Last week Theresa May set out her strategy. Not in Parliament but to an audience of front row seats for Johnson, Fox and such like.
Across the Atlantic Ocean he of Trump Towers has sworn that black is white in terms of crowd sizes. Women are on the march.
Northern Ireland teeters on the edge. So many less than impressed with the prospect of a “red, white and blue Brexit”. Not the best choice of words really.
Nicola Sturgeon pushes. Not too much. But enough.
The Supreme Court verdict is now given reasserting supremacy of Parliament and denying the right to use prerogative powers.
I felt unable to put finger to key after the May speech. What was it all about? The threat of a tax haven, the race to the bottom in terms of Corporation Tax cuts to promote investment.
Confused, I took the view that the dust needed to clear. I had to sleep on it.
I have always said that there would be twists and turns; events that nobody could have predicted.
I never foresaw Trident. I believe in the maintenance of our nuclear deterrent. However, when Andrew Marr asked the Prime Minister on a number of occasions whether she had known about the missile test failure the box was opened up. The question revealed more than it should have done. The answer to the question was insignificant, if responded to openly. The repeated failure to provide an answer was a revelation. It was like a midfielder taking out a striker heading for the dugout in the centre circle.
In Trident there emerged the true mindset of the leader hoping to deliver that banal B-word. Mind all-a-muddle. Unable to ward off the consequences of Andrew Marr’s benign but ultimately potentially malignant line of questioning. The auto pilot was still switched on but with the fog having descended the pilot was evidently struggling to take over the manual controls.
Last week the Prime Minister suggested that each side in the referendum had understood that a leave vote would be a vote to leave the single market. No, this is patently not the case and precisely why the leavers sought to reassure that in voting to leave there could be a Norway, or a Switzerland scenario. Either the Prime Minister has a short memory or her mind is clouded by the fog.
To her credit on television she would not make a good liar. Whilst staying on the right side, just, between evasion, or prevarication versus an outright breach of one of the ten commandments, the discomfort of finding herself so close to the line with Marr was obvious to all.

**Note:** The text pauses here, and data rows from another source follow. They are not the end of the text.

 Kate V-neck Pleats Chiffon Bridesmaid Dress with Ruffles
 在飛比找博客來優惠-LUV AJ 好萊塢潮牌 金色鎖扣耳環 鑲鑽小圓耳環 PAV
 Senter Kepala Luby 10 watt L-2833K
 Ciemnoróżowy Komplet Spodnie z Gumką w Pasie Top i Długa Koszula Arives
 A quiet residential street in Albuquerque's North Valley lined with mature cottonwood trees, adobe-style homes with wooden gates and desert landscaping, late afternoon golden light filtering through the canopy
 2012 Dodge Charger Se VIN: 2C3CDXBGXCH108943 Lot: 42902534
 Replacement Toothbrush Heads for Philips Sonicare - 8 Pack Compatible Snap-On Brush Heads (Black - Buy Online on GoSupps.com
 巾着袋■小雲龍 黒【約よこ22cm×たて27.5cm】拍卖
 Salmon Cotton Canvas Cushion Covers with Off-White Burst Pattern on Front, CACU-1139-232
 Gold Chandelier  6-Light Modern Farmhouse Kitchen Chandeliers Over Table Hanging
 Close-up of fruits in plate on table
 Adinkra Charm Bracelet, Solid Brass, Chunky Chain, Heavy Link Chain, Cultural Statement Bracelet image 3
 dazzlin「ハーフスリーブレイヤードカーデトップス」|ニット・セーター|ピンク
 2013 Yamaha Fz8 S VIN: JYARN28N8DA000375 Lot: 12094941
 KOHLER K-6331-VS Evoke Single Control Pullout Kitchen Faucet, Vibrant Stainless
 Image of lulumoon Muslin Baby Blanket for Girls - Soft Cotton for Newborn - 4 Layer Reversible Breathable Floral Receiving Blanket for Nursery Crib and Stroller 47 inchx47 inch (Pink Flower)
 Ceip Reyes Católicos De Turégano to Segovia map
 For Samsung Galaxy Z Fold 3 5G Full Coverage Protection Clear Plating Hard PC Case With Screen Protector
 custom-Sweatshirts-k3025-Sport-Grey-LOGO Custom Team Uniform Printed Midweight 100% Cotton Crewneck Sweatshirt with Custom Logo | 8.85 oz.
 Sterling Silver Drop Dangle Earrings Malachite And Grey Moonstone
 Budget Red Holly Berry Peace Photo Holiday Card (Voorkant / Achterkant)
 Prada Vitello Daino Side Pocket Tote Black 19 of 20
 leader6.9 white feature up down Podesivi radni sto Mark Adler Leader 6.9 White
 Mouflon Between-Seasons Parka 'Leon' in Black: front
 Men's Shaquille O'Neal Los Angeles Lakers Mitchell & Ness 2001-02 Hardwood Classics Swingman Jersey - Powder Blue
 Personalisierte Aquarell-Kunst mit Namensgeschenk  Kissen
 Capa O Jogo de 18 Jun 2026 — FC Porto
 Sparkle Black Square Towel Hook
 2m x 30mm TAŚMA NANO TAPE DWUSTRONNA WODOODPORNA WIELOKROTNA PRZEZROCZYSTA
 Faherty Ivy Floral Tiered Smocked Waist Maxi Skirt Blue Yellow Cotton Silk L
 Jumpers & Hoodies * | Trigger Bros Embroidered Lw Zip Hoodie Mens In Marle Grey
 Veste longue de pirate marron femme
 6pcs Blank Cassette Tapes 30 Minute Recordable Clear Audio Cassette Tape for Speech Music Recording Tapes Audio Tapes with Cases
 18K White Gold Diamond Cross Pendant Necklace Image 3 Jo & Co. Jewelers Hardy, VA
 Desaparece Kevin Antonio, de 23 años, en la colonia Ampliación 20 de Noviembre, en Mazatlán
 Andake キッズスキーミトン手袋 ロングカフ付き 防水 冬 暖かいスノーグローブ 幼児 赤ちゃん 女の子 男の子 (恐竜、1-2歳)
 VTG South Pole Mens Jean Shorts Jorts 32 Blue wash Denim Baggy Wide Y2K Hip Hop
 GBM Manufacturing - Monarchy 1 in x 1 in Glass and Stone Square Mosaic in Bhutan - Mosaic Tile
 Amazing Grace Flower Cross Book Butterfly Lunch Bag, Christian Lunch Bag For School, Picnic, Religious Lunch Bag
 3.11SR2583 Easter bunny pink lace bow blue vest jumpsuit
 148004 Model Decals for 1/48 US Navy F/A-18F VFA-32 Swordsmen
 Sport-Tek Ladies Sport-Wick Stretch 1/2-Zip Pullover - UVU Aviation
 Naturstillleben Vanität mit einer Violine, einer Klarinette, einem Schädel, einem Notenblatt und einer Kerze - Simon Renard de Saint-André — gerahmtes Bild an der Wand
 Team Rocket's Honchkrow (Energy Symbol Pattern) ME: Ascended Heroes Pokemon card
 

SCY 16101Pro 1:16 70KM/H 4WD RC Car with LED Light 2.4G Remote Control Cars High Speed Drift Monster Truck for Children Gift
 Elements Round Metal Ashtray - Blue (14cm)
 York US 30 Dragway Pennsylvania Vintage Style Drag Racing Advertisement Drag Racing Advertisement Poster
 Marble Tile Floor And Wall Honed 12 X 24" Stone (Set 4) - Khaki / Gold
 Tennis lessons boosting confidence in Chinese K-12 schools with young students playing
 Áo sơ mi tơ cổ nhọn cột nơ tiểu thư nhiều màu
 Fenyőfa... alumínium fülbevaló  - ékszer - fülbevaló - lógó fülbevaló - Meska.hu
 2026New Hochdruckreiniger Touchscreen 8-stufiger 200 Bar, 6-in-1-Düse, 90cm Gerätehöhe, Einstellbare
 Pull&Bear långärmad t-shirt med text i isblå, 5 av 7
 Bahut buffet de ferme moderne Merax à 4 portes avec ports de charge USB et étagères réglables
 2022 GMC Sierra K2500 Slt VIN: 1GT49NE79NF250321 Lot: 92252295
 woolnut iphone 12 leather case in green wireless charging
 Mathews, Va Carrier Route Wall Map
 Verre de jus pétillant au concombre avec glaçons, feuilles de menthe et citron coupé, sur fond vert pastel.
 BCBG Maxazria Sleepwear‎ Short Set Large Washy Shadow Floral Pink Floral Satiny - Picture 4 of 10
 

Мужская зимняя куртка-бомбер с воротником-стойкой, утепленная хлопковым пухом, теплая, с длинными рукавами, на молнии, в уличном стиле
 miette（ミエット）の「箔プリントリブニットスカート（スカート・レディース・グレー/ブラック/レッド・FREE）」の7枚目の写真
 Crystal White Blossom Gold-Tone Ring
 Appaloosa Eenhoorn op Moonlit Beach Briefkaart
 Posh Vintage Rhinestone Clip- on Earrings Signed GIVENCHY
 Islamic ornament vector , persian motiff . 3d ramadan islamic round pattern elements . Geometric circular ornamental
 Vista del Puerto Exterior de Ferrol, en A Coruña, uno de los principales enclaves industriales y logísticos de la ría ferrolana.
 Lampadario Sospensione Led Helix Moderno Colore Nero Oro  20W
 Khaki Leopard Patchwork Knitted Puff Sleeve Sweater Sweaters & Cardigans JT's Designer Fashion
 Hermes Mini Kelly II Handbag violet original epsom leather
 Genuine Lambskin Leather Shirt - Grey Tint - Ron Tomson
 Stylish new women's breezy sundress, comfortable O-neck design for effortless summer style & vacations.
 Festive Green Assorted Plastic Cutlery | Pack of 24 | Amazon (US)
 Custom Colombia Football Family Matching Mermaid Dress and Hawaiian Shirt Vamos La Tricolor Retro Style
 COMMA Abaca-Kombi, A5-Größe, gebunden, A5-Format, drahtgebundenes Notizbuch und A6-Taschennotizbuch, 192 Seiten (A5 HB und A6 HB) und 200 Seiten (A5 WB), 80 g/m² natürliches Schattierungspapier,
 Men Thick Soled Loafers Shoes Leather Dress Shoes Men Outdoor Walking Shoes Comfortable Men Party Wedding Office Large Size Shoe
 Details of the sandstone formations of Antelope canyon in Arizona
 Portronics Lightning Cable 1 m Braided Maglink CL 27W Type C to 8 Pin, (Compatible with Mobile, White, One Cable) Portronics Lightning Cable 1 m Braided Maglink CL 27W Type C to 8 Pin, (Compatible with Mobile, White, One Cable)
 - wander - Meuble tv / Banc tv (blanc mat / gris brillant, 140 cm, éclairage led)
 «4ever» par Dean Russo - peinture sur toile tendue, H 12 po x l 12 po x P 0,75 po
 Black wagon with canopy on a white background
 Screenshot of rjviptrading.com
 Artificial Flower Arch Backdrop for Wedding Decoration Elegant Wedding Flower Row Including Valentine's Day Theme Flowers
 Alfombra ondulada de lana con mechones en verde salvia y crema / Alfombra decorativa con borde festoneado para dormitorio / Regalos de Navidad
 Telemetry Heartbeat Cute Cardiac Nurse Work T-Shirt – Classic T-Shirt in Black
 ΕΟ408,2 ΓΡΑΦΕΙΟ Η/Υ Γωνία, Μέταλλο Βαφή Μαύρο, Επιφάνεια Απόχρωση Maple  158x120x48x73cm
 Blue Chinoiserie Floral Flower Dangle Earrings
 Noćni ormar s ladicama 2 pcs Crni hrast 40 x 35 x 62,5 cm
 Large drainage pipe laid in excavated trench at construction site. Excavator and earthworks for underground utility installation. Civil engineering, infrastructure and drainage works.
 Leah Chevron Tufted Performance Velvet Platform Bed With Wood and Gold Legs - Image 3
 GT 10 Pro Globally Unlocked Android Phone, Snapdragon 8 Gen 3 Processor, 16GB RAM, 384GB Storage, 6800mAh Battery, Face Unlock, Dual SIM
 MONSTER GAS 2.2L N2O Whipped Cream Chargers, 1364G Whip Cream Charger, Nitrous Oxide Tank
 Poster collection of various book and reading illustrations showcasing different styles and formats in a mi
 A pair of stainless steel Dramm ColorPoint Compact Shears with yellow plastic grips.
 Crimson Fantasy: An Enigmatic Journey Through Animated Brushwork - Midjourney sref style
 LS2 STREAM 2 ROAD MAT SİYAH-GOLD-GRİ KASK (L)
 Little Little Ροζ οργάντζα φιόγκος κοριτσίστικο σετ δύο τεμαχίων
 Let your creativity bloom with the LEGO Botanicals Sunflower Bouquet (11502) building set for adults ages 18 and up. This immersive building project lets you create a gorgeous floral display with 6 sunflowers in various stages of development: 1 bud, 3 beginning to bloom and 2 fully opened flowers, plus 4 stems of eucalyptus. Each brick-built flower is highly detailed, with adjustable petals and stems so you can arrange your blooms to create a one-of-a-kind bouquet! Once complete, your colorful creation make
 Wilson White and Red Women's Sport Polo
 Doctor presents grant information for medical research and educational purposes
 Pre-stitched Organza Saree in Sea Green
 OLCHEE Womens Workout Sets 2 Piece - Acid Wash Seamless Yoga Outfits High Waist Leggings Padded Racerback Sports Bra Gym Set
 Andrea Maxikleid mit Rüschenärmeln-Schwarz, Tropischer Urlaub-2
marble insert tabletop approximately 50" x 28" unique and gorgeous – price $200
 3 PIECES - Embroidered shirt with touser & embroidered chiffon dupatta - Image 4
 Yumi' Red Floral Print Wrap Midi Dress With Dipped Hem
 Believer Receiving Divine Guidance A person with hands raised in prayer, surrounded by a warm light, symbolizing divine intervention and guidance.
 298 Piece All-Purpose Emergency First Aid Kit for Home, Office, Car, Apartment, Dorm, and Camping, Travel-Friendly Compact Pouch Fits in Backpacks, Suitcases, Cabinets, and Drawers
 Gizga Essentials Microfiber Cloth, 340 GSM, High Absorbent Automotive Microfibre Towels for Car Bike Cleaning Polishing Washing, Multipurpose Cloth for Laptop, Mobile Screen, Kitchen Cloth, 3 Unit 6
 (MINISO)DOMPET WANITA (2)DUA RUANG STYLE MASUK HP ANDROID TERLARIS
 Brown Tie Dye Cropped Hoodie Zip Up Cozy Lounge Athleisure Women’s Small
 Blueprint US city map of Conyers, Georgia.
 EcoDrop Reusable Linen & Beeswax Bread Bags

Her pioneering meeting with the new champion of the free world may be as ill-advised as her tartan outfit, her £900 leather trousers, or her decision not to answer Andrew Marr’s Trident question until more than 24 hours after he asked it; again, and again. As evidently uncomfortable as she was, so equally comfortable was the presidential team across the pond boasting an “alternative fact” so evidently not a fact at all. A strange meeting it will be.
I am concerned. Beneath the bravado of the red, white and blue Brexit, the leather trousers, and the “a citizen of the world is a citizen of nowhere” battle cry it appears to me that there is somebody far more fragile, tired and confused. Who wouldn’t be?
If I can see it, you can bet your bottom billion dollars that more experienced moguls of business will have seen the chink in the armour a long time ago. They might even be inclined to buy the country as the price is down 20%.
A fire sale purchase of a 51st State in all but name which could serve as an offshore utility room. Dirty laundry nicely tucked away from view.
As I never foresaw Trident so there will be other images to emerge from the fog that’s for sure. The Prime Minister’s handling of a meeting with a man who appears to be alienating women globally may cast some further clues for those who are looking for the landing lights.
British Prime Ministers do not always fare well in relations with their more powerful US counterparts. Neither have they always been successful in flying abroad to seek reassurances in troubled times.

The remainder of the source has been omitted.